[Scraped caption text data]
···

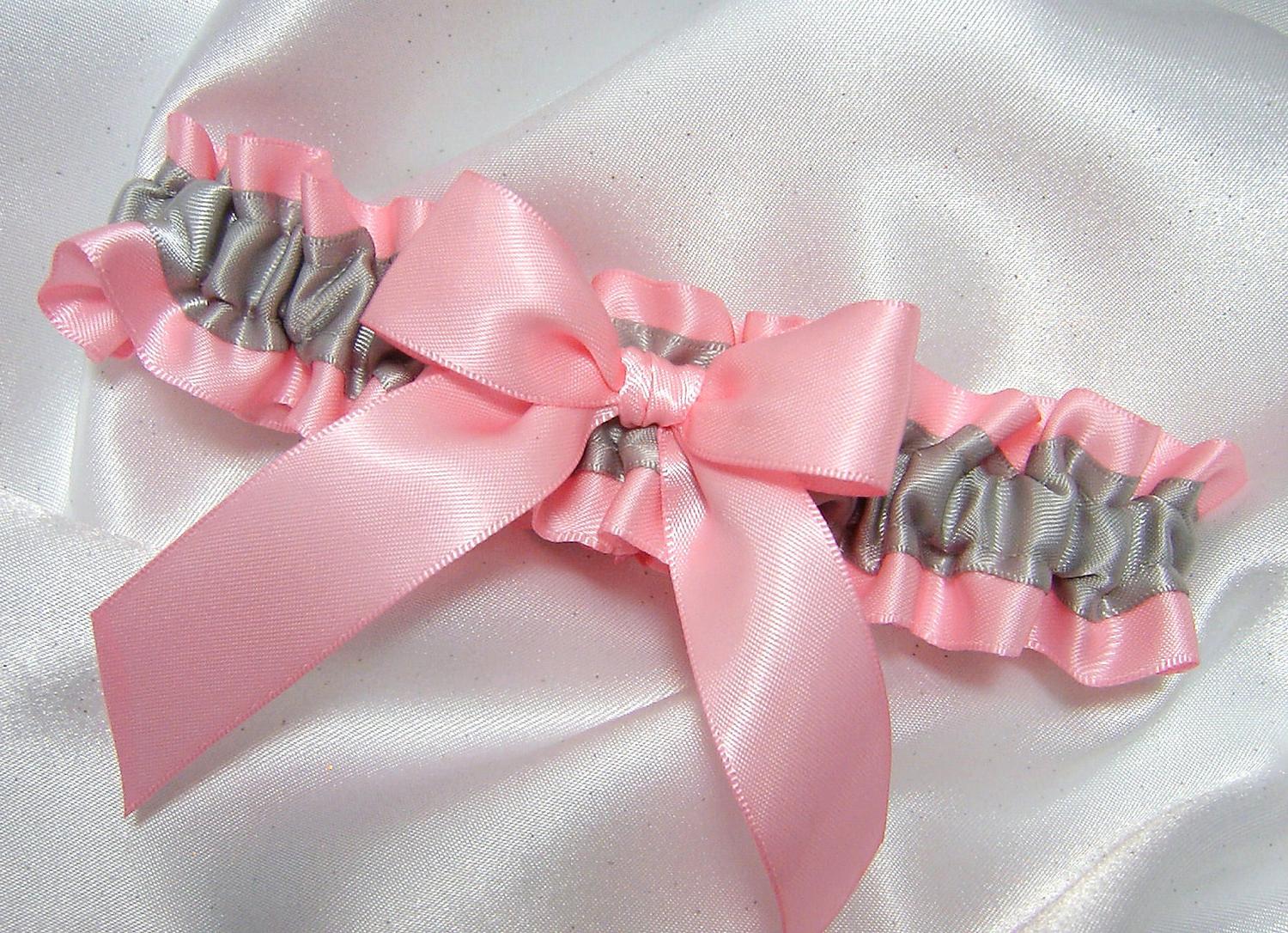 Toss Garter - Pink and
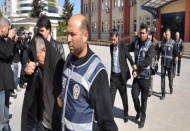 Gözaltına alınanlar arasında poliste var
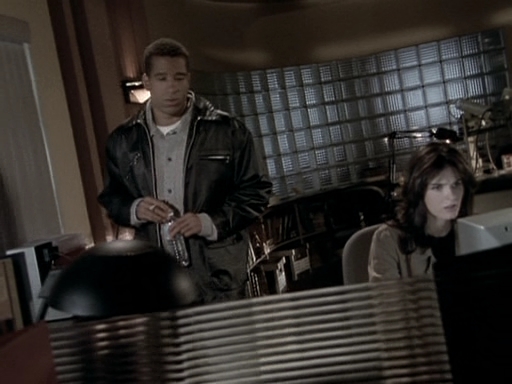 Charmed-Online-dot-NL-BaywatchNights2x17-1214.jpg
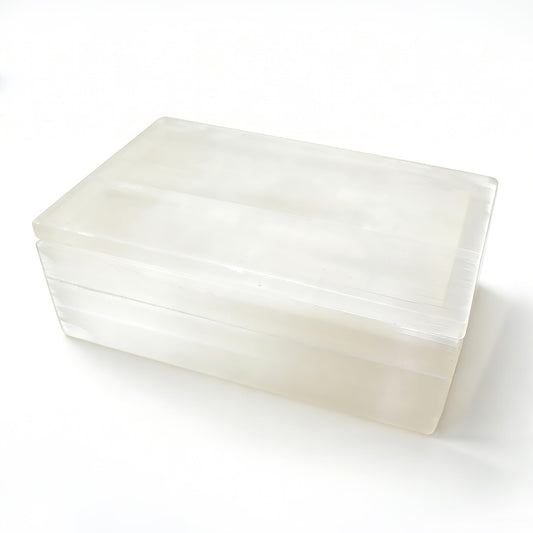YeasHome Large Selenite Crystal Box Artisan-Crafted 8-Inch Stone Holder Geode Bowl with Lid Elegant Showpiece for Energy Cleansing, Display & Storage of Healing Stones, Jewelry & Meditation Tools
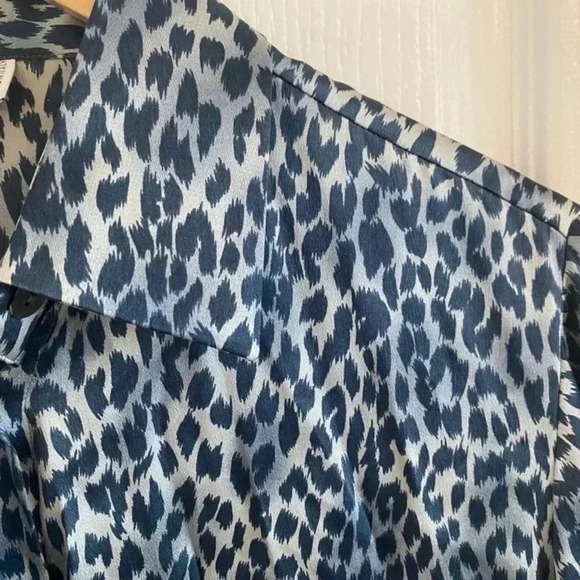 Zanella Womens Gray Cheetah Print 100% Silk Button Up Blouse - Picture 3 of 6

···

● **Assigned task**
Type out the data above once more, exactly, with no images included.

● **Worked solution**
 Toss Garter - Pink and
 Gözaltına alınanlar arasında poliste var
 Charmed-Online-dot-NL-BaywatchNights2x17-1214.jpg
YeasHome Large Selenite Crystal Box Artisan-Crafted 8-Inch Stone Holder Geode Bowl with Lid Elegant Showpiece for Energy Cleansing, Display & Storage of Healing Stones, Jewelry & Meditation Tools
 Zanella Womens Gray Cheetah Print 100% Silk Button Up Blouse - Picture 3 of 6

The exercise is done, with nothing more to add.